‘Nothing is lost, nothing is created, everything is transformed’ Antoine Lavoisier, French chemist
Since launching their eponymous label in 2017, Anglo-Franco design duo Imogen Wright and Vincent Le Chapelain have created trend-subverting wardrobe classics, designed according to a slow fashion mindset. For S/S 2021, the label has strengthened its commitment to an environmentally and socially conscious design approach, encouraged by Wright and Le Chapelain’s relocation in March 2020, from fast-paced North London to Wright’s remote family home, located in a hamlet in South Devon.
Wright le Chapelain designed their spring summer 2021 collection from a detached barn made from stones, surrounded by chicken coops, vegetable patches, and wildflowers. When away from this makeshift studio, they reconnected with the natural world. A reflection of the label’s rural relocation, the collection is inspired by the local high street of Totnes, and the material landscape of its charity shops, which has rails hanging with discarded short sleeve checked walking shirts, jersey polo shirts, and stonewashed denim.

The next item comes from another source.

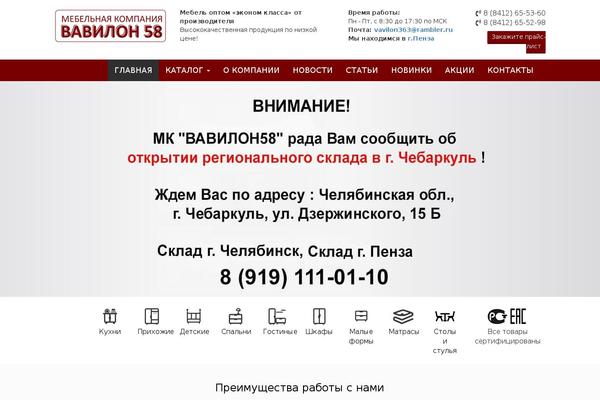 vavilon58.ru site used Santa-theme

The S/S 2021 collection has been created entirely from upcycled clothes, sourced locally, or through donations from London-based homelessness charity Crisis. Reduced in size, it encourages considered investment and the rejection of excess. Garments have been meticulously unpicked and reworked into organically toned sleeveless shirts and jackets, paper-bag waist trousers, vests with twisted straps, and oversized blazers. Shirts and sweaters have been pieced together to form deconstructed handkerchief skirts which tie around the waist and denim has been spliced into loose jeans with undulating seams. In a nod to Nineties minimalism, check fabrics have been transformed into spaghetti strap tops and bandeau dresses. Each piece was made by Wright Le Chapelain’s London-based seamstress, who received patterns and fabrics by post from Devon.